(Beginning of DATA SHOWN)
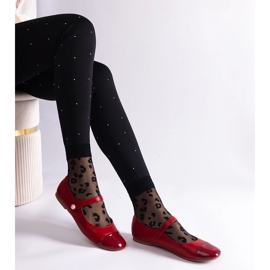 D/CEO Balerini roșii cu vârf lacuit, prinși cu Velcro Jaures roșu 2 D/CEO Balerini roșii cu vârf lacuit, prinși cu Velcro Jaures roșu 2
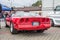 Elegant old red sport car Chevrolet Corvette parked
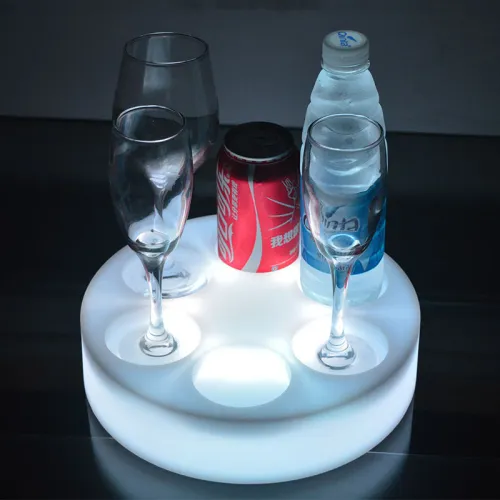 يستخدم بار نادي الأحداث البلاستيكية للحفلات استخدام دلو الثلج LED المضيء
(End of DATA SHOWN)
## PROBLEM TO SOLVE
The whole listing above is to be printed exactly; the pictures stay out.

## TASK RESULT
 D/CEO Balerini roșii cu vârf lacuit, prinși cu Velcro Jaures roșu 2 D/CEO Balerini roșii cu vârf lacuit, prinși cu Velcro Jaures roșu 2
 Elegant old red sport car Chevrolet Corvette parked
 يستخدم بار نادي الأحداث البلاستيكية للحفلات استخدام دلو الثلج LED المضيء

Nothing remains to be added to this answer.